DATASET EXTRACT |
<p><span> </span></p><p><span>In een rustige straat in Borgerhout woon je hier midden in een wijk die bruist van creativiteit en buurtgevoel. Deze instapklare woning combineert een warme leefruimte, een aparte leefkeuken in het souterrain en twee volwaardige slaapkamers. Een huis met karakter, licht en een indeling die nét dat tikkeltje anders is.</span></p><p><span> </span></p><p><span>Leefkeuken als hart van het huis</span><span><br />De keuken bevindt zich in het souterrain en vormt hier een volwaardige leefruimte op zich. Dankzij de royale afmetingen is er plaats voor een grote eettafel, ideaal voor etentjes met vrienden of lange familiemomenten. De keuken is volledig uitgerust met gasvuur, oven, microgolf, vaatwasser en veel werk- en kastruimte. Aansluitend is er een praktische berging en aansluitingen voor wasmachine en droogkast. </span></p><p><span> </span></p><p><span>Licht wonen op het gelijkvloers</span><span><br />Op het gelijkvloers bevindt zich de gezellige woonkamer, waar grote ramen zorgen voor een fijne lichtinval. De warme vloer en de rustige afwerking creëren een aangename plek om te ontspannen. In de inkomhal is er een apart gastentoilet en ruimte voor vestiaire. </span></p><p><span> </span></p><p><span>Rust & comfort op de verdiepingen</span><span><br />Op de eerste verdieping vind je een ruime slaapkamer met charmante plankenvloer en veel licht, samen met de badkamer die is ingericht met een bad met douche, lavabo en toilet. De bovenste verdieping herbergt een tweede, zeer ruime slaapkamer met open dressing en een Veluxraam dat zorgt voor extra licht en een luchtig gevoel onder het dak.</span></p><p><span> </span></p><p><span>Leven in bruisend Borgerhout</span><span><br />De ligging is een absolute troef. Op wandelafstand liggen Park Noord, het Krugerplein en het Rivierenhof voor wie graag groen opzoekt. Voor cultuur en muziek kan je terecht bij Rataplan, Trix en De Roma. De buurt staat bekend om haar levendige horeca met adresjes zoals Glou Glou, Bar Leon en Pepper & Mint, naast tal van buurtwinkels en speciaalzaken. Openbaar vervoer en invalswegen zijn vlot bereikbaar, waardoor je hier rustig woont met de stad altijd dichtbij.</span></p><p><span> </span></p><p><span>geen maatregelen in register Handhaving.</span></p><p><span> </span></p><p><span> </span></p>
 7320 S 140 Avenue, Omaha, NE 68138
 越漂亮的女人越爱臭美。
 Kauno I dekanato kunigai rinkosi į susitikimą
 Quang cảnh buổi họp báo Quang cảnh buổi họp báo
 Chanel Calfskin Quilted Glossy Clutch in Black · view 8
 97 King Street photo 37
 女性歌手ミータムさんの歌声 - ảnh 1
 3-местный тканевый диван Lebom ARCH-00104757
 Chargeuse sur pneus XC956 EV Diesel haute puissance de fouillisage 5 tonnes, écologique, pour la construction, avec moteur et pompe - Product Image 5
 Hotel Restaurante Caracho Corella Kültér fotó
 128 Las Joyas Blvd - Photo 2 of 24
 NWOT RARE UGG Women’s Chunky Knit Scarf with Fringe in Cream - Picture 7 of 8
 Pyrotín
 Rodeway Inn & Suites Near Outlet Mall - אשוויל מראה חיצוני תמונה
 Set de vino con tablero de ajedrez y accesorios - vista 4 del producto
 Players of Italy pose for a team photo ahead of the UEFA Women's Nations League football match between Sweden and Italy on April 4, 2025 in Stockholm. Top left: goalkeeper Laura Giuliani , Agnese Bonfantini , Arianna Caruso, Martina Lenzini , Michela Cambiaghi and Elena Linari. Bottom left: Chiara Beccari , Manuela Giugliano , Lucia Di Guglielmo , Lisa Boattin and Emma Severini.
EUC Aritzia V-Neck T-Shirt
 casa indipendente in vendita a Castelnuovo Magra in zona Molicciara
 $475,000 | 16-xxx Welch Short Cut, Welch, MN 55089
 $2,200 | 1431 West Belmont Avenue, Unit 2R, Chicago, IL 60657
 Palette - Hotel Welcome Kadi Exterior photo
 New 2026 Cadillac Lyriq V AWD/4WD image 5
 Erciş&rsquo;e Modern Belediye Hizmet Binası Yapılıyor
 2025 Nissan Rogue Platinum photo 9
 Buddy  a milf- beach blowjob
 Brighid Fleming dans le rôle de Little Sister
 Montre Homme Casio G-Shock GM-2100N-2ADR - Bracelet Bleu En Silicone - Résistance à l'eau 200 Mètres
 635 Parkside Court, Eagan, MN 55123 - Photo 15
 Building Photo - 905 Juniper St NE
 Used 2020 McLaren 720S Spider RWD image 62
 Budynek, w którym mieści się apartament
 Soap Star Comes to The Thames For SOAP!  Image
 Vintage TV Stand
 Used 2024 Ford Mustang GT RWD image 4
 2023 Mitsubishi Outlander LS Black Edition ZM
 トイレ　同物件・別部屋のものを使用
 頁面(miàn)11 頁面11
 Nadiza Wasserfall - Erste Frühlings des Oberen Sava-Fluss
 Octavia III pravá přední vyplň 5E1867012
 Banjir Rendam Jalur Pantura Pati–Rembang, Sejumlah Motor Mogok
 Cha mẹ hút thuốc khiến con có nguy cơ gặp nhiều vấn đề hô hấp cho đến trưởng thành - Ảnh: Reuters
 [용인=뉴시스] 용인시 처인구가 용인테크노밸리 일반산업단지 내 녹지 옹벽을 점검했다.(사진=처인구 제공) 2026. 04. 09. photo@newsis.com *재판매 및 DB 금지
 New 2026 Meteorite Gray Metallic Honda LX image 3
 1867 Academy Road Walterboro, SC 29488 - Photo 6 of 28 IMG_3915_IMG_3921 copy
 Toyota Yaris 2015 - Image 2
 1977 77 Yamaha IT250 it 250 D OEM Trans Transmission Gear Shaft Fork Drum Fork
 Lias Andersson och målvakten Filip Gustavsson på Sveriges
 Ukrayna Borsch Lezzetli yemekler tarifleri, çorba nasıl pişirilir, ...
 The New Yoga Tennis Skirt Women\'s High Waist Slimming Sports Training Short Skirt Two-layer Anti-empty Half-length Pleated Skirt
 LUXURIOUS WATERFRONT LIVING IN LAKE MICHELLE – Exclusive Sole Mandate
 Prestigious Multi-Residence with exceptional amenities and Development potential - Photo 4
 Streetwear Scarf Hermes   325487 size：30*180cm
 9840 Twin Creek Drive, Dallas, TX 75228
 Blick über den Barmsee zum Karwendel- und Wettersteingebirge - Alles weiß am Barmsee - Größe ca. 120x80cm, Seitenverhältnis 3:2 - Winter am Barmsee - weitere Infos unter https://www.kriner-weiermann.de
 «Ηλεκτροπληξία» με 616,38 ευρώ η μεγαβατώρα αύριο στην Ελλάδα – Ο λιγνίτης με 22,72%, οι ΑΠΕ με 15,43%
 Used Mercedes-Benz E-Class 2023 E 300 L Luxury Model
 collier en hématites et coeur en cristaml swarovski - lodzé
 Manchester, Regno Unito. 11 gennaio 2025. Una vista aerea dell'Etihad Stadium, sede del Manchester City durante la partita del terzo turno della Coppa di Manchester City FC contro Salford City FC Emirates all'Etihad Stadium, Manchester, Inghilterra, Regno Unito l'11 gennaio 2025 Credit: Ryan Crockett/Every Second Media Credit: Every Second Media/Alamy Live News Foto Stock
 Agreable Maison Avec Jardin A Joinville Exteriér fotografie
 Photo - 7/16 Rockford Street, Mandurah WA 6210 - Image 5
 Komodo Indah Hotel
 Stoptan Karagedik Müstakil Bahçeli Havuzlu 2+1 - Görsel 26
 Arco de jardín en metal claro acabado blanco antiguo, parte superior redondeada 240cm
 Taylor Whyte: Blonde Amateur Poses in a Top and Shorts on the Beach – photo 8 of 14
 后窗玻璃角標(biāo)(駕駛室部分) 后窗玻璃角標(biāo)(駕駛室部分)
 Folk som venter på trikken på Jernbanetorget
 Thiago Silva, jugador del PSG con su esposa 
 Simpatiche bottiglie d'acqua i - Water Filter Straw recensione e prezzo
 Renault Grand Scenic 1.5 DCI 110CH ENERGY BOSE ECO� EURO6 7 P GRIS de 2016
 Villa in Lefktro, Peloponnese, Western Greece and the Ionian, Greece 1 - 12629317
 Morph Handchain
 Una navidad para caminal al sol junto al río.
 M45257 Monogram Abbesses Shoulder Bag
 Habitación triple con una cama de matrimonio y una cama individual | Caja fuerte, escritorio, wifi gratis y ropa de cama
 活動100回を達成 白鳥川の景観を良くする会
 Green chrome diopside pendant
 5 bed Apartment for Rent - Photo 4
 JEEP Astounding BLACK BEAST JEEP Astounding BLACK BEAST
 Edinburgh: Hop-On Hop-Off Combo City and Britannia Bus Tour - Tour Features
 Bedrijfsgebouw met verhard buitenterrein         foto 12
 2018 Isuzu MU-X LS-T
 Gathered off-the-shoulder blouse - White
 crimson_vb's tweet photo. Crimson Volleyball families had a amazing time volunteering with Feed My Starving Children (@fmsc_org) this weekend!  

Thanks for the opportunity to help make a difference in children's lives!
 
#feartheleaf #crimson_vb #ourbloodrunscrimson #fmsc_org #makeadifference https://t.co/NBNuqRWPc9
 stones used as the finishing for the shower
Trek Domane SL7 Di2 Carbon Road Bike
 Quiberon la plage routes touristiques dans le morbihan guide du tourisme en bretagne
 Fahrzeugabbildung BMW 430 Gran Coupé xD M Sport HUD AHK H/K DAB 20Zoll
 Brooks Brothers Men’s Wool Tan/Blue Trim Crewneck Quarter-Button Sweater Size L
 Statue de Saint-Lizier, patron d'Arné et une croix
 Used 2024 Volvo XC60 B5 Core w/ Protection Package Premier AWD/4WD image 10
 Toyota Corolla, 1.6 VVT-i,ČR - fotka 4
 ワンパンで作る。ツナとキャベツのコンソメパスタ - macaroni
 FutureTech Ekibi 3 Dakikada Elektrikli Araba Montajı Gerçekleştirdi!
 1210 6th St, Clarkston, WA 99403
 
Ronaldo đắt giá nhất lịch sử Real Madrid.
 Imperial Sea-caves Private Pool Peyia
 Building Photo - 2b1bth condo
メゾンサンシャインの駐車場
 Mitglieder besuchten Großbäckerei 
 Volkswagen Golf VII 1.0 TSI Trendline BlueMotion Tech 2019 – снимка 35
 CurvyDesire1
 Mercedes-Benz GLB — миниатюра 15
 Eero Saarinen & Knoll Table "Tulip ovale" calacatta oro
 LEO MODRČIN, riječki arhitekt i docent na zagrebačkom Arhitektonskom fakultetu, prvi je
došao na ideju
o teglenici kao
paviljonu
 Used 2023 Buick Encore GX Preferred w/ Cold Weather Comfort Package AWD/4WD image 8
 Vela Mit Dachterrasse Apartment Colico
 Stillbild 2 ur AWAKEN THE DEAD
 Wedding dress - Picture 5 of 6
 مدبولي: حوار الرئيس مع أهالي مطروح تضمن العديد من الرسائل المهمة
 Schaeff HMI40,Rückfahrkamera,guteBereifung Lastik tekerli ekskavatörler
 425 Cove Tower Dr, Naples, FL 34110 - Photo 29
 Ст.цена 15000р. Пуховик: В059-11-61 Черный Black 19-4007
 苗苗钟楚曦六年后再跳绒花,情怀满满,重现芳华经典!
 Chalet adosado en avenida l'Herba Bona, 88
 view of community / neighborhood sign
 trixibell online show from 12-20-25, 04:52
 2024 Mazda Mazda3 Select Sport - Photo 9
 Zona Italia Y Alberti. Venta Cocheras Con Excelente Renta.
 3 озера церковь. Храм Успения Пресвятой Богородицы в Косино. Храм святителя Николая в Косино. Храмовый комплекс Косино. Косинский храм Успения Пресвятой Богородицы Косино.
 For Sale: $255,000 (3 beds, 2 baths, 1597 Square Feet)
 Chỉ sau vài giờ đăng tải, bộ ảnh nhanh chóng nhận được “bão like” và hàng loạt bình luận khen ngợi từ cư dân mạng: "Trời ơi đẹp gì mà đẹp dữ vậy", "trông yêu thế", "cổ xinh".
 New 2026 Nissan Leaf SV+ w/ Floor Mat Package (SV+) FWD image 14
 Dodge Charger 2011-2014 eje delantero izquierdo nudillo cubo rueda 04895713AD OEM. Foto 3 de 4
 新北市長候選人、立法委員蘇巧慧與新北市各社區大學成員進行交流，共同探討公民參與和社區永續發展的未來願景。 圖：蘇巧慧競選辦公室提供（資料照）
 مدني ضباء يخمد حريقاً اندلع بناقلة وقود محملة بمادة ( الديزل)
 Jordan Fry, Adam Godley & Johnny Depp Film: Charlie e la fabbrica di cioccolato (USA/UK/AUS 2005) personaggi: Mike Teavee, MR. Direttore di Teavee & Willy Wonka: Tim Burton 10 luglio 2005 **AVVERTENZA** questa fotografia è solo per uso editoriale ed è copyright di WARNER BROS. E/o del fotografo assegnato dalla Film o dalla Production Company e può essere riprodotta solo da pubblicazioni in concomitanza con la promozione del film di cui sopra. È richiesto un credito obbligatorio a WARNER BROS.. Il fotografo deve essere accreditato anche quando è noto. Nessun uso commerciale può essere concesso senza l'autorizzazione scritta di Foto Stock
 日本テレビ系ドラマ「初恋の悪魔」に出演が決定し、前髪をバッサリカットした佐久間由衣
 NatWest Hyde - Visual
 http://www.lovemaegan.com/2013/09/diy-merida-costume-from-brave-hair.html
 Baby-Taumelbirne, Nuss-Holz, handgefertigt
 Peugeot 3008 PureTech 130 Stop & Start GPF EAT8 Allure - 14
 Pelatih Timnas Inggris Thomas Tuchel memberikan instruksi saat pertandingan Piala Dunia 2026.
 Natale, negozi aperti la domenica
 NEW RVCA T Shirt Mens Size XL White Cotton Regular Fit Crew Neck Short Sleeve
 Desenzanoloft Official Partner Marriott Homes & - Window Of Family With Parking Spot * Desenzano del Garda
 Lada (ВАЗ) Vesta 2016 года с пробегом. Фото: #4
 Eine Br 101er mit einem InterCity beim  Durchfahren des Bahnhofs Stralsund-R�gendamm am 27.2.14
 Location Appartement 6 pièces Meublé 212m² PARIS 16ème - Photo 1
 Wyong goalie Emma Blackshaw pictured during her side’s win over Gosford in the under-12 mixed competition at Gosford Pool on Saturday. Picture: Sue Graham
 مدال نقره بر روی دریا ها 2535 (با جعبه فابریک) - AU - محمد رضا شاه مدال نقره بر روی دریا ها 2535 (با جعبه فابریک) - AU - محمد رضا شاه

WORK ORDER |
Write down exactly the span of lines above from the one containing "Agreable Maison Avec" to the one containing "Arco de jardín", both ends included.

RESPONSE FOR THIS EXERCISE |
 Agreable Maison Avec Jardin A Joinville Exteriér fotografie
 Photo - 7/16 Rockford Street, Mandurah WA 6210 - Image 5
 Komodo Indah Hotel
 Stoptan Karagedik Müstakil Bahçeli Havuzlu 2+1 - Görsel 26
 Arco de jardín en metal claro acabado blanco antiguo, parte superior redondeada 240cm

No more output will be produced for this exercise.